US 12,293,772 B2
Method for identifying an audio signal
Pradyumna Thiruvenkatanathan, London (GB); Guy Spyropoulos, London (GB); and Anindya Moitra, London (GB)
Assigned to EARZZ LIMITED, Devon (GB)
Filed by EARZZ LIMITED, Devon (GB)
Filed on Aug. 25, 2022, as Appl. No. 17/895,292.
Claims priority of application No. 2112306 (GB), filed on Aug. 27, 2021.
Prior Publication US 2023/0060936 A1, Mar. 2, 2023
Int. Cl. G10L 25/21 (2013.01); G10L 25/18 (2013.01); G10L 25/24 (2013.01); G10L 25/78 (2013.01); H04R 3/00 (2006.01)

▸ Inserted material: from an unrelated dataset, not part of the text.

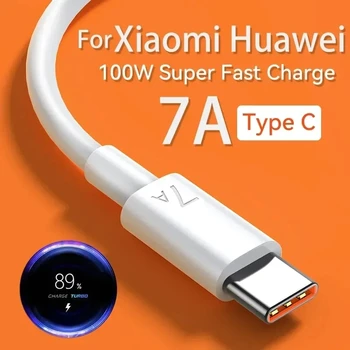 Super Rýchly 7A 100W Typu C, USB Nabíjací Kábel pre Huawei Mate 60 50 Nova 10 Xiao Česť Redmi android box Typ-C, USB Nabíjanie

CPC G10L 25/21 (2013.01) [G10L 25/18 (2013.01); G10L 25/24 (2013.01); G10L 25/78 (2013.01); H04R 3/00 (2013.01); H04R 2420/07 (2013.01); H04R 2430/03 (2013.01)] 19 Claims
OG exemplary drawing
 
1. A computer-implemented method for identifying at least one audio signal, the method comprising the steps of:
receiving audio data at a receiver module from at least one audio sensor; and
processing the audio data using a signal recognition module;
wherein processing the audio data using the signal recognition module comprises:
based on the received audio data, determining at least one of:
one or more time-varying vector arrays of octave band energies, and
one or more time-varying vector arrays of fractional octave band energies;
determining one or more time-varying vector arrays of Mel-Frequency Cepstral Coefficients (MFCC) values based on the received audio data;
generating audio feature image data based on the one or more time-varying vector arrays of MFCC values, and at least one of:
the one or more time-varying vector arrays of octave band energies, and
the one or more time-varying vector arrays of fractional octave band energies;
wherein the audio feature image data is generated by combining vector values of the one or more time-varying vector arrays of MFCC values and at least one of:
vector values of the one or more time-varying vector arrays of octave band energies, and
vector values of the one or more time-varying vector arrays of fractional octave band energies
into a single matrix; and
identifying at least one audio signal using a first model based on the audio feature image data;
wherein the first model comprises an image recognition model to identify a pattern in the audio feature image data to identify the at least one audio signal.